A few years ago I bought a muzzy tag for the central unit when I didn't draw out for the southern rifle. I borrowed my friends .50 cal hawkin (yes the one that gave me the kit) and one of my sons used the .45. First light I had a nice 4 point about 40 yards away in my sights up on on Timp. It went "Pop" and nothing else, 2nd shot was just a pop. "Confound tarnation" this was not fun! The buck walked off into the trees and headed to parts unkown while I tried to decide how to correct my situation. I had this nagging voice in my head from my friend telling me to shoot a cap first to make sure the nipple was clear. Well, I didn't have a bullet puller with me so I took off the nipple, put a little powder in and tried again. That cleared things out for me. I didn't see another buck close enough to do anything and I still have the tag mounted over my fireplace. A couple years later I bought a Northeastern tag when I didn't draw a southern rifle tag. Just before the hunt there was a sale on traditions in-lines and I bought one very inexpensively. Although it can use either shotgun primers or percussion caps, I've always used the #11 caps. I shot a nice 3 point up around Currant Creek while my grandson watched. My lifelong friend missed his shot to which my granson replied, "Grandpa, you lied, you said Riley was a good shot."

I have since bought two of my sons a smokepole. The one is after an anterless deer with his even as I type this. He has already missed two this morning, "Confound tarnation". It drives me nuts I can't be there with him today.

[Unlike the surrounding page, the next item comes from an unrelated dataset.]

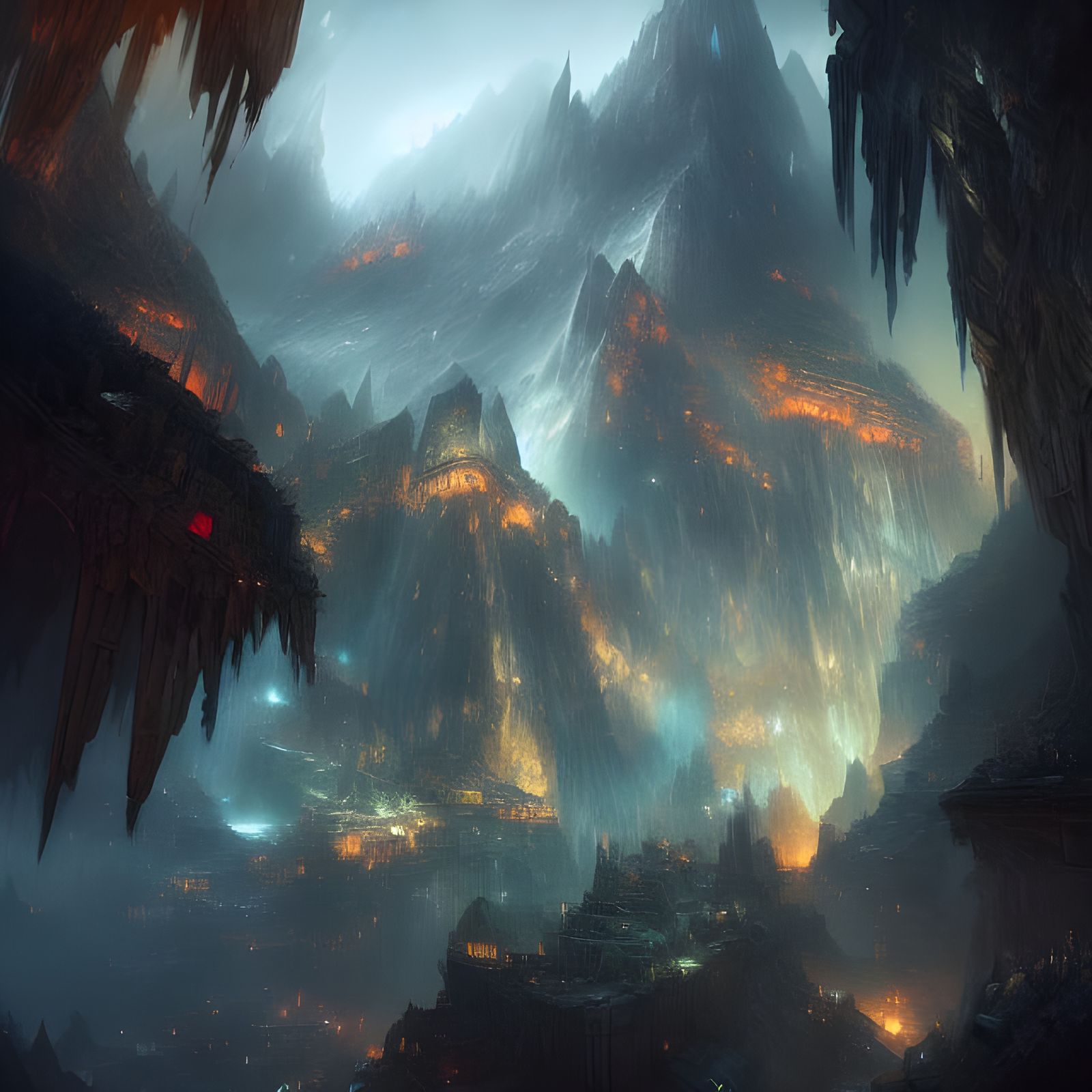 Fantastical Cavern City Painting within a Mountain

I go on the rifle hunt every year whether I have a tag or not. The blackpowder gives me an opportunity to hunt some of those years I don't draw a rifle tag (Not interested in dedicated hunter). There's also something about not knowing what happens until the smoke clears, or laughing at a son that fumbles with his cap and misses an opportunity.  Afterall, someone laughed at me when I missed mine.


----------